Dolores O'Riordan: anguished star whose voice lingers on

O’Riordan fronting the Cranberries in concert at the London Palladium in May 2017.
O’Riordan fronting the Cranberries in concert at the London Palladium in May 2017. Photograph: James Shaw/REX/Shutterstock

The rise of the Cranberries to vast success in the US was greeted with a degree of bemusement in the UK music press. It was 1993, a year in which Suede’s debut album, the Boo Radleys’ expansive Giant Steps and Blur’s Britpop-presaging Modern Life is Rubbish figured heavily in most British publications’ best-of polls. Why, out of all the up and coming guitar bands attempting to break the States, had Americans latched onto the Limerick quartet?

They were, after all, viewed as a very minor concern in the UK. Their 1991 debut EP Uncertain had attracted some attention – it was ethereal and experimental in a way that nothing else the Cranberries recorded would be, the spectral guitar textures, feedback and echo-laden vocals of Them suggesting they were cut from similar cloth to shoegazing bands like Slowdive or Chapterhouse. But then they had signed to a major label and made a far more straightforward-sounding debut album, Everybody Else Is Doing It, So Why Can’t We?, which had more or less vanished without trace on release. To compound the bafflement, the Cranberries had been championed by American MTV while touring second on the bill to Suede, then very much considered the dernier cri in British alternative rock: why on earth had they been overlooked in favour of their support act?

The truth may be that neither Suede, nor any of the British critical favourites of the era, had a single like Linger. Today, it seems bizarre that it initially flopped on release in the UK, struggling to a feeble No 74 in the singles chart. It wasn’t particularly hip, a fact that might well have bolstered its appeal to more traditionally-minded American audiences and media looking for something less angst-ridden and disruptive as grunge, as the style came to a messy, distressing halt.

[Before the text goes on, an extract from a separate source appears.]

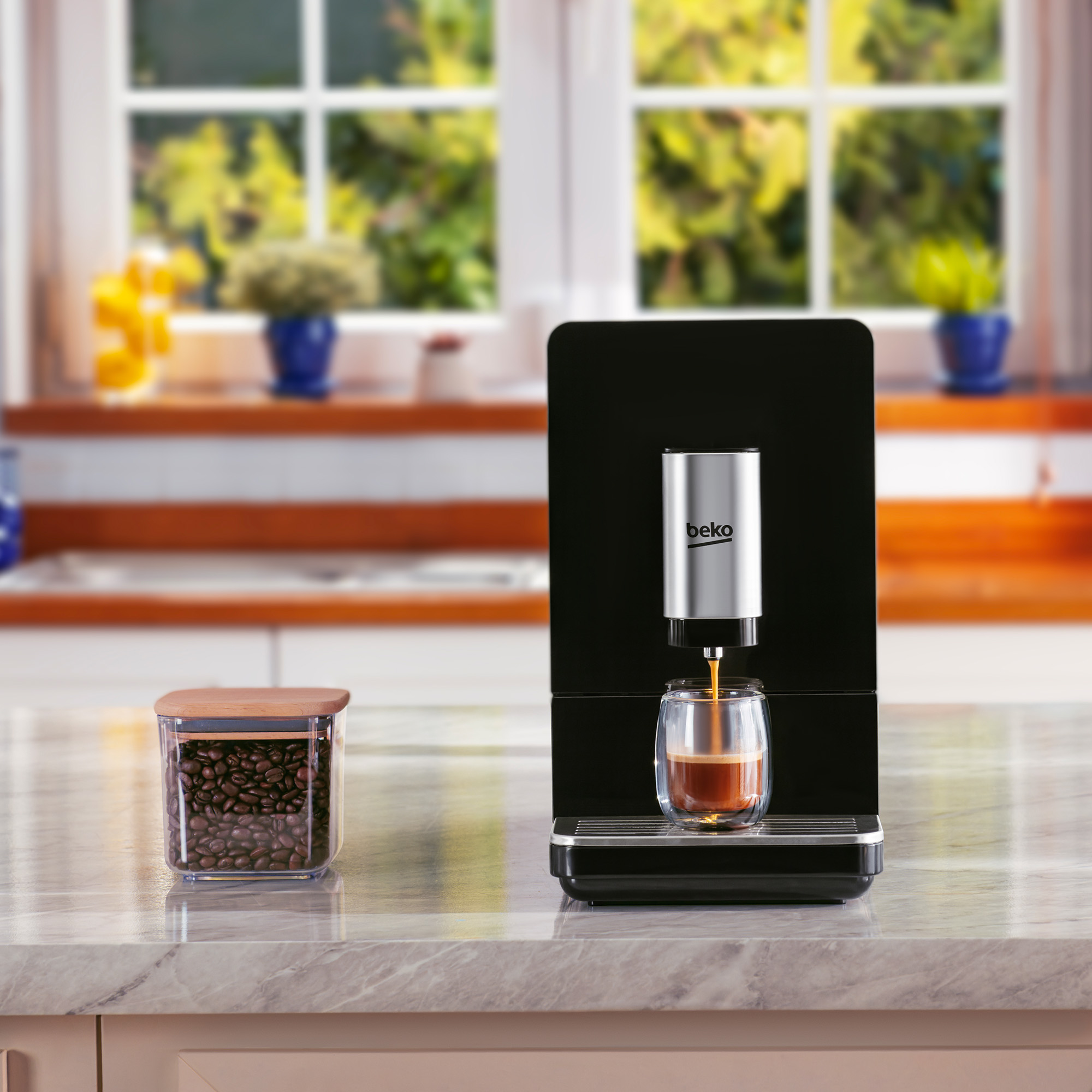 Beko CEG3190B Bean To Cup Coffee Machine – image 7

But Linger was possessed of a genuinely timeless melody, a beautifully understated vocal performance by Dolores O’Riordan and a swooning string arrangement: it might have been perfectly designed to soundtrack melancholy scenes in romcoms and first dances at weddings. Afforded the exposure of heavy rotation on MTV, it took off, entering the US Top 10; its accompanying album went on to sell 5m copies in America alone. Britain duly followed suit, belatedly sending Everybody Else Is Doing It, So Why Can’t We? to No 1.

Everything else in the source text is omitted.